The big problem I'm facing - cold storage. I'd ideally like to move older seasons onto cheap 2x2TB hard drives that are $40 apiece (far cheaper in the long run than Amazon Glacier). Each file saved on the disk would have a CHECKSUM (to detect bitrot) amd then I'd have a program run a comparison to see if the CHECKSUMS between the two disks match for every file, or at least report that one of the files has a discrepancy compared to the other. 

For the CompSci guys- apparently PAR3 uses Reed Solomon correction codes - is it worth it to generate these recovery records for a single 15-20GB file (this is about the average size of a football game)?

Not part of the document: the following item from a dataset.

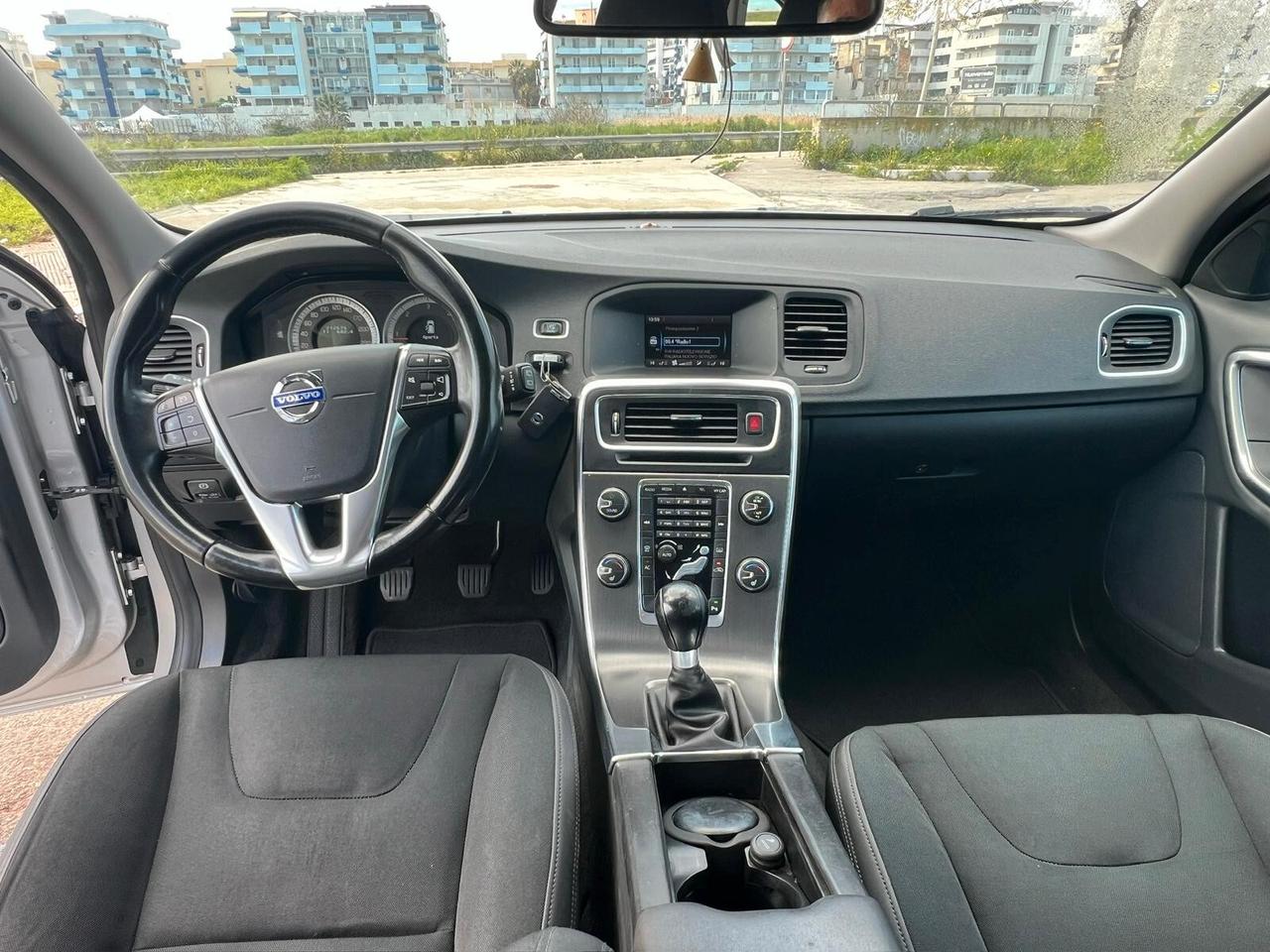 Volvo V60 D3 Momentum - 2011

Does anyone know of an application (freeware or otherwise) that create checksums of each file on a drive or directory, write it to a text file, and then re-scan and compare the historical checksum that was written previously with the new checksum?

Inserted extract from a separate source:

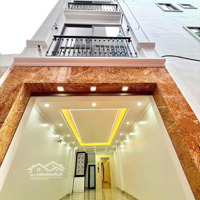 Bán Nhà Trung Tâm Cầu Giấy 6 Tầng 45M2 ,Nhà Mới Thang Máy ,Oto Đỗ Cửa 11 Tỷ Liên Hệ: 0982286191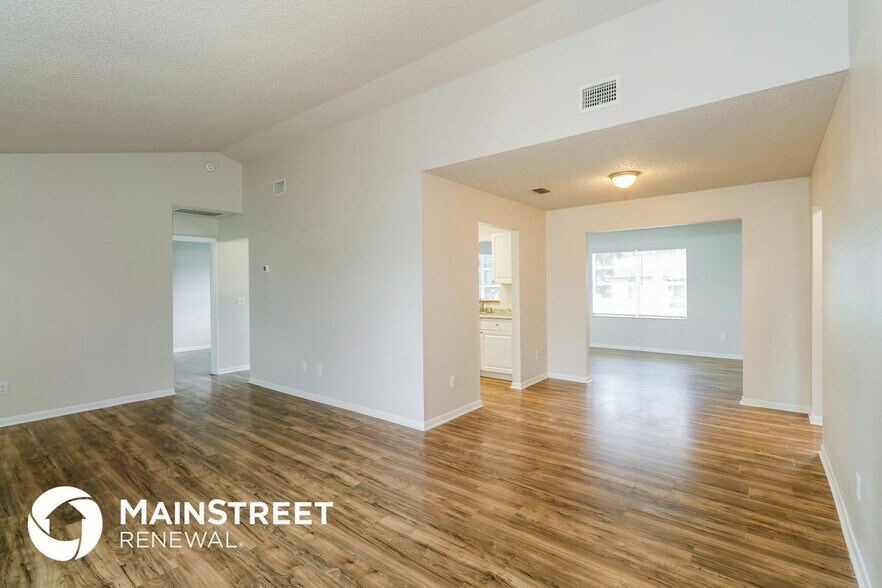 Building Photo - 822 7 Gables Cir SE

July 6th, 2017 at 10:27 AM ^

This is pretty OT but I'm leaving it up because

a) It's probably not that greek to most of you, and 

b) I'd like to know the answer.

Markley Mojo

July 6th, 2017 at 12:30 PM ^

I second the StackOverflow post, although I don't think Python or a database is needed. The script in the SO's top answer maps nicely to the author's request.

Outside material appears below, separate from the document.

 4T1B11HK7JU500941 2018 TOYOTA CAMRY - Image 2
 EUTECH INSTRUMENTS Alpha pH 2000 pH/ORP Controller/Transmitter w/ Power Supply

Bash scripting is either in Windows Server 2016 now or soon to be there.

And make sure you have a copy of the data somewhere else. Preferably on the other side of the planet (in case of a large meteor strike).

EDIT: Actually, the StackOverflow post I was looking at was the following




July 6th, 2017 at 10:37 AM ^

How do you load a replacement file if you intend to only maintain a single archival original file and the data should corrupt slightly over time? Perhaps I'm missing sight of the forest for the trees.


July 6th, 2017 at 10:45 AM ^

The 2x2TB external drives would have mirror identical data on them. I'd 'check' each drive every few years to detect to validate against the historical checksums vs. the new checksums. If there was a mismatch, hopefully there wasn't bitrot on the other drive, and I can copy it over.


For the first time around - the drive would be connected via USB3 dock, generate checksums with the mythical application I described above, I'd pull the drive and have it sit on a shelf for a few years, reconnect the drive every few years and the mythical application scan and generate new checksums and compare those checksums with the historical checksums, to detect for bitrot.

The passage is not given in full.